## Provided data
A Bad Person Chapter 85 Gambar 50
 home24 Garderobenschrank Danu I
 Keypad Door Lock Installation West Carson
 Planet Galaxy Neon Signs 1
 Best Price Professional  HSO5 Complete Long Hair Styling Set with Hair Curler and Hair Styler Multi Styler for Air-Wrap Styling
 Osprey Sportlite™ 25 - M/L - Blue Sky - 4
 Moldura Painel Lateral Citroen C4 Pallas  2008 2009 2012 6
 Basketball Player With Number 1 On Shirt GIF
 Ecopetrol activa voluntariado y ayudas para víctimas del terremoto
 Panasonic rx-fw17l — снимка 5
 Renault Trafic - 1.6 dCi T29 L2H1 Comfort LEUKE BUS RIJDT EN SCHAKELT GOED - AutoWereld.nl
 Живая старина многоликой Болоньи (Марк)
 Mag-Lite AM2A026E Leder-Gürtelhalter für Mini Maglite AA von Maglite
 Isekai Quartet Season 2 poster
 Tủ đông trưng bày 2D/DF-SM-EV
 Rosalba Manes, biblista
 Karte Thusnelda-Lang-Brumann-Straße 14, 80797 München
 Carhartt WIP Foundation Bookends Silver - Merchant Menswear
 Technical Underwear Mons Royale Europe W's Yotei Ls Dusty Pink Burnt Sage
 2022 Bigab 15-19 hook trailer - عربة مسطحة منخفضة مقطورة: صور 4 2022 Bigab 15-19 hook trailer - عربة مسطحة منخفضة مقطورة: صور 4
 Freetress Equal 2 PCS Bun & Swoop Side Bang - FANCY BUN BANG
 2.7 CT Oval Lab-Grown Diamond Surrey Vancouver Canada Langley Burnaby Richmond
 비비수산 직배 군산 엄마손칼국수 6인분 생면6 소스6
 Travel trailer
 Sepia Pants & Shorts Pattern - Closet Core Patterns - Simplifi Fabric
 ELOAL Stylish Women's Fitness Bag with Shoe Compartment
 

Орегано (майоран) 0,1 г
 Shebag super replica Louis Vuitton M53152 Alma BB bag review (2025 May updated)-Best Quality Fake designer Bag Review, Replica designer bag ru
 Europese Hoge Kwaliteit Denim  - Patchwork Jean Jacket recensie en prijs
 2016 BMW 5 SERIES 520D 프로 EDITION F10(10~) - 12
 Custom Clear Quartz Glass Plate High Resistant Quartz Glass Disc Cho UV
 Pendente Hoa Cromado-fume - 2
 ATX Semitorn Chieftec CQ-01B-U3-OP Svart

## Exercise directions
Reproduce exactly, please, only the lines from the start of the data above to the line that contains "Best Price Professional", with both ends kept.

## Output of the task
A Bad Person Chapter 85 Gambar 50
 home24 Garderobenschrank Danu I
 Keypad Door Lock Installation West Carson
 Planet Galaxy Neon Signs 1
 Best Price Professional  HSO5 Complete Long Hair Styling Set with Hair Curler and Hair Styler Multi Styler for Air-Wrap Styling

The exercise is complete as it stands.